As a young child in France I was fascinated with cowboys. They were an important subject in my drawings, along with war imagery. When I started painting, I made Abstract Expressionist works, as was the custom in the late Fifties. At Rutgers I saw a show of paintings featuring cowboys and firemen, the early work of Red Grooms that Alan Kaprow had put up in the art building on campus. This gave me the idea of using cowboy images in my work. Coming to America from France, I had seen America as the land of cowboys.
By 1963 I had moved into a loft in New York and begun painting seriously and spending time visiting art galleries and the Met. On one visit to the Met I noticed a small medallion in the Byzantine collection, the torso of a saint. The background was dark blue, and the saint wore a white robe with black crosses. I was immediately attracted to it. The rendering of the figure was somewhat simple, and I thought the pattern of the crosses activated the figure.

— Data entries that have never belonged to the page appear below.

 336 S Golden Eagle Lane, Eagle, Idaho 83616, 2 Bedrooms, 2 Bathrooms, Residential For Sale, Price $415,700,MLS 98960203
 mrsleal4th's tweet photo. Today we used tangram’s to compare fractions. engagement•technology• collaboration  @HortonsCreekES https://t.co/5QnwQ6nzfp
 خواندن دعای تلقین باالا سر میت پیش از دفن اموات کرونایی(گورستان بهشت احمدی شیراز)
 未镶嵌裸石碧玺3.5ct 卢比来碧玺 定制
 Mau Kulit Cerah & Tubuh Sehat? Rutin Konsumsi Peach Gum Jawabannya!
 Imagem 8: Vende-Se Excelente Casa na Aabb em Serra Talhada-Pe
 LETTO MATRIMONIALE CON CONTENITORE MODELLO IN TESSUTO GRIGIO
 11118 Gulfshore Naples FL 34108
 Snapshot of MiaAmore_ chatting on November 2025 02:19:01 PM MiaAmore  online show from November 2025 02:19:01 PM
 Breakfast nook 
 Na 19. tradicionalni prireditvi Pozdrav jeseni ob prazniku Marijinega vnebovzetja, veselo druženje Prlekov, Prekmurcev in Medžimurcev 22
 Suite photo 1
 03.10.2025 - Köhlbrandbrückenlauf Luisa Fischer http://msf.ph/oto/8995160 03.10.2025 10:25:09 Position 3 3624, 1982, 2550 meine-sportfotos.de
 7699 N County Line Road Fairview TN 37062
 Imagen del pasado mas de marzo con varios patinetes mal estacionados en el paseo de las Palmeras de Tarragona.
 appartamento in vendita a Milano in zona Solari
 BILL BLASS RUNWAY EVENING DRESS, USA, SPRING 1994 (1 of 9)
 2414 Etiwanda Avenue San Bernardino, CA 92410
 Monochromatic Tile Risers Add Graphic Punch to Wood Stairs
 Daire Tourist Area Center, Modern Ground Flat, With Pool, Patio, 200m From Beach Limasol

I did a number of paintings using imagery of cowboys with coats covered with crosses. Unfortunately, most have been lost through moving, gifts and neglect. The“Absurd Bill” painting is the only one I have left from that period.
I have used the crosses pattern at different times in my work over the years. initially I thought it was a way of activating the surfaces. Later I realized that the crosses had a different meaning that originated in my unconscious.